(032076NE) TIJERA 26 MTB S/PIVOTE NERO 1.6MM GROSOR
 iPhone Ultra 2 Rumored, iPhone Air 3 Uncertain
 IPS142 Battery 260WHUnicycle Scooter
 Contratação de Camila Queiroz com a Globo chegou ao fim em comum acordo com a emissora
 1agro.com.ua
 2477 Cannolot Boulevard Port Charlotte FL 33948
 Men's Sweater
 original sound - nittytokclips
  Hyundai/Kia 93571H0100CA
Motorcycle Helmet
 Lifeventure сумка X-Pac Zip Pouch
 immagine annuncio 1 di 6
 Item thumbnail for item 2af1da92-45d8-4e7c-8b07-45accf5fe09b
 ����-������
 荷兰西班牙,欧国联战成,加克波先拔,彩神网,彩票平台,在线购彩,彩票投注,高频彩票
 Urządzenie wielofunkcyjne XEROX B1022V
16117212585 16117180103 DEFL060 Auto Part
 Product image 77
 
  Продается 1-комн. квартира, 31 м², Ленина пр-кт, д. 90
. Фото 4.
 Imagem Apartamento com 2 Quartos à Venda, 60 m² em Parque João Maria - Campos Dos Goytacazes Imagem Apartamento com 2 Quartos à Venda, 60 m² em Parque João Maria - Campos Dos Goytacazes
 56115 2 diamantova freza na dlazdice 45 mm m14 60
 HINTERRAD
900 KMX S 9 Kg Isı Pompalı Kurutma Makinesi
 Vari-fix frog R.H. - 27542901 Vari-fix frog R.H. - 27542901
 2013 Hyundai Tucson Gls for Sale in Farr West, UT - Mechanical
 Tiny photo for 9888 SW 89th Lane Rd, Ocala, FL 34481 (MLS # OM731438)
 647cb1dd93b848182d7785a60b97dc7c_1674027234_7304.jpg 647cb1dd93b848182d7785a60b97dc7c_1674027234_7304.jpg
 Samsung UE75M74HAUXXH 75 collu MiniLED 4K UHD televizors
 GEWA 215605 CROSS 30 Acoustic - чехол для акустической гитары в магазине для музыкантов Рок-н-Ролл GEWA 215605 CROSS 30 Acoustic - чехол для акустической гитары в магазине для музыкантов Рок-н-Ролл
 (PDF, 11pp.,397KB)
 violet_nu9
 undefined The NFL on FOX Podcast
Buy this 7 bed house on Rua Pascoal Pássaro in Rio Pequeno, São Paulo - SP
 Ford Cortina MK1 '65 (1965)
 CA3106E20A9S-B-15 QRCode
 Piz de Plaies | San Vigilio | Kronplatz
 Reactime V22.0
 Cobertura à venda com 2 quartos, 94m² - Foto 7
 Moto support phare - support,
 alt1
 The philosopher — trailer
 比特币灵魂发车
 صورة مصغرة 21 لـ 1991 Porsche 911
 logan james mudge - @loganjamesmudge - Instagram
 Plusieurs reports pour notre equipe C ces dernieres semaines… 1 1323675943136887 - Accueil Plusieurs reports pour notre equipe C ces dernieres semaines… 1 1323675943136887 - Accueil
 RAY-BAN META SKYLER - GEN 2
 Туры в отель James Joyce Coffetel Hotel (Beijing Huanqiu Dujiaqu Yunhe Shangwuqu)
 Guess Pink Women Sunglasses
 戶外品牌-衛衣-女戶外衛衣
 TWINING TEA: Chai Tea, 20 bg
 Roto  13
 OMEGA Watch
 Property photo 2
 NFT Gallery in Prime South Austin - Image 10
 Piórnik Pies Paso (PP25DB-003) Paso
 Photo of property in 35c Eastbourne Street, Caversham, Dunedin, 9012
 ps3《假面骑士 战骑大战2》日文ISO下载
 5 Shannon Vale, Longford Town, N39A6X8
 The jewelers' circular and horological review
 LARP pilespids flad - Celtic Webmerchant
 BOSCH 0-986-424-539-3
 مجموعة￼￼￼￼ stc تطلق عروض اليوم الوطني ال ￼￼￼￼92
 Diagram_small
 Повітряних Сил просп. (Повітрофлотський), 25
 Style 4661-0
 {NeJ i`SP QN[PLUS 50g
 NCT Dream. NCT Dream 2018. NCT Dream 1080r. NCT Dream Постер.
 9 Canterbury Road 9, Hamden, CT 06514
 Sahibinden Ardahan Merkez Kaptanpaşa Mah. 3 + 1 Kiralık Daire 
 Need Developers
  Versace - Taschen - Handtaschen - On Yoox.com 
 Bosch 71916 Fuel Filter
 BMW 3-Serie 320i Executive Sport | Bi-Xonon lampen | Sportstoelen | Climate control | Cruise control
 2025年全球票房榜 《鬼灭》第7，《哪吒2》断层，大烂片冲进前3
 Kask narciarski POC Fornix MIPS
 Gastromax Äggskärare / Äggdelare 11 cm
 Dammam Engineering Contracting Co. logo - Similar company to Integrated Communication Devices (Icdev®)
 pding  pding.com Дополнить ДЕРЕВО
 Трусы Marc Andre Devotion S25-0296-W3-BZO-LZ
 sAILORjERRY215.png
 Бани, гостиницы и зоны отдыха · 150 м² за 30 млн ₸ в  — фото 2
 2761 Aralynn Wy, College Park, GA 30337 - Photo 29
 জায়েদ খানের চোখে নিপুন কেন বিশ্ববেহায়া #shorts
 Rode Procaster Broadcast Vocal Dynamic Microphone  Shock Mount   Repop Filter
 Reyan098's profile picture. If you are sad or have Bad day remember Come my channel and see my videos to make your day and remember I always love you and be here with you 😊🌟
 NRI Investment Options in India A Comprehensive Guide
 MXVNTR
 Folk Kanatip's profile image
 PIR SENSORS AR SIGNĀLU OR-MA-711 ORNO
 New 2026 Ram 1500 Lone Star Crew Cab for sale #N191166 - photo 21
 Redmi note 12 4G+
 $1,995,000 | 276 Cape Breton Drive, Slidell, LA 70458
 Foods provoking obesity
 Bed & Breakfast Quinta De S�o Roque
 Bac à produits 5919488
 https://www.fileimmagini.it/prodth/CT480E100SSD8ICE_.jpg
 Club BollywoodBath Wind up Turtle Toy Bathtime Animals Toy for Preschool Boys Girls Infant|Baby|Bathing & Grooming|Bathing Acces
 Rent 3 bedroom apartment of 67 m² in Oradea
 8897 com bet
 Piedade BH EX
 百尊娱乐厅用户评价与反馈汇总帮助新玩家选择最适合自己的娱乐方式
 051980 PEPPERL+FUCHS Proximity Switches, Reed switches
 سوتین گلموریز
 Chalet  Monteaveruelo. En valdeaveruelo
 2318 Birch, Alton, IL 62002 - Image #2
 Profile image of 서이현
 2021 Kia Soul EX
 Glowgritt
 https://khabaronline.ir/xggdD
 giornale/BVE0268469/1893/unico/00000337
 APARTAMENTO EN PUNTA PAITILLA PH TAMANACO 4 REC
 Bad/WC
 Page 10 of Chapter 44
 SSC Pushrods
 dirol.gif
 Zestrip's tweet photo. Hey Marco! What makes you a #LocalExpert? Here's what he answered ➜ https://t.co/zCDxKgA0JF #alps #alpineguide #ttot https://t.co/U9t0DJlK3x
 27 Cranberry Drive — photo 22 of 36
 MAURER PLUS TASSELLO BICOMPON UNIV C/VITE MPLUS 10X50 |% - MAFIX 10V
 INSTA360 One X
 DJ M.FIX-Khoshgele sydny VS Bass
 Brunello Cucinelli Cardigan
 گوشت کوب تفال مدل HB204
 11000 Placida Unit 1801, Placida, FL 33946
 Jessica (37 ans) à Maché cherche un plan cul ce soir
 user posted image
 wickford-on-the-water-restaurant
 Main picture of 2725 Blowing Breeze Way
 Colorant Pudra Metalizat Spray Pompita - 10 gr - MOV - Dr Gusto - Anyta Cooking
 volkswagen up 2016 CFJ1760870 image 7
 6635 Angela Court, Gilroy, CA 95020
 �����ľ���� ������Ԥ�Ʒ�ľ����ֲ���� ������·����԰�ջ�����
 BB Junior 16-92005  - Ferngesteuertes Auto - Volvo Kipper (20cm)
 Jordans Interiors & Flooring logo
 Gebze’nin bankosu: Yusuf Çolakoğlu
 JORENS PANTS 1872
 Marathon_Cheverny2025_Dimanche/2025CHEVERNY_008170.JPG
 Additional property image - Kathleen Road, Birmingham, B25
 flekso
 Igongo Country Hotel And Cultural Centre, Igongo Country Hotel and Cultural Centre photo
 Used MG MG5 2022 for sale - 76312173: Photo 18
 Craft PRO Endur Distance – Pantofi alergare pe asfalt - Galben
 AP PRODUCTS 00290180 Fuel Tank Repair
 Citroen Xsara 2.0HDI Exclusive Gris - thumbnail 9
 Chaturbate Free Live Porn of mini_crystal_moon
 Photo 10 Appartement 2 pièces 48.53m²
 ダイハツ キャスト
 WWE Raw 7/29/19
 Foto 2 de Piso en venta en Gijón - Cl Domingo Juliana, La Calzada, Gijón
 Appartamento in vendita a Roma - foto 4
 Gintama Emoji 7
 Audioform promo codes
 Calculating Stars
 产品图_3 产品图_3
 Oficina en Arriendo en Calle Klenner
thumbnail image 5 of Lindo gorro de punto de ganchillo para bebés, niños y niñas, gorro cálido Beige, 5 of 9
————
*WORK REQUEST*. Out of the listing above, reproduce exactly the lines from the one with "Zestrip's tweet photo." up to and including the one with "گوشت کوب تفال مدل HB204".

*SOLUTION FOR THIS EXERCISE*.
 Zestrip's tweet photo. Hey Marco! What makes you a #LocalExpert? Here's what he answered ➜ https://t.co/zCDxKgA0JF #alps #alpineguide #ttot https://t.co/U9t0DJlK3x
 27 Cranberry Drive — photo 22 of 36
 MAURER PLUS TASSELLO BICOMPON UNIV C/VITE MPLUS 10X50 |% - MAFIX 10V
 INSTA360 One X
 DJ M.FIX-Khoshgele sydny VS Bass
 Brunello Cucinelli Cardigan
 گوشت کوب تفال مدل HB204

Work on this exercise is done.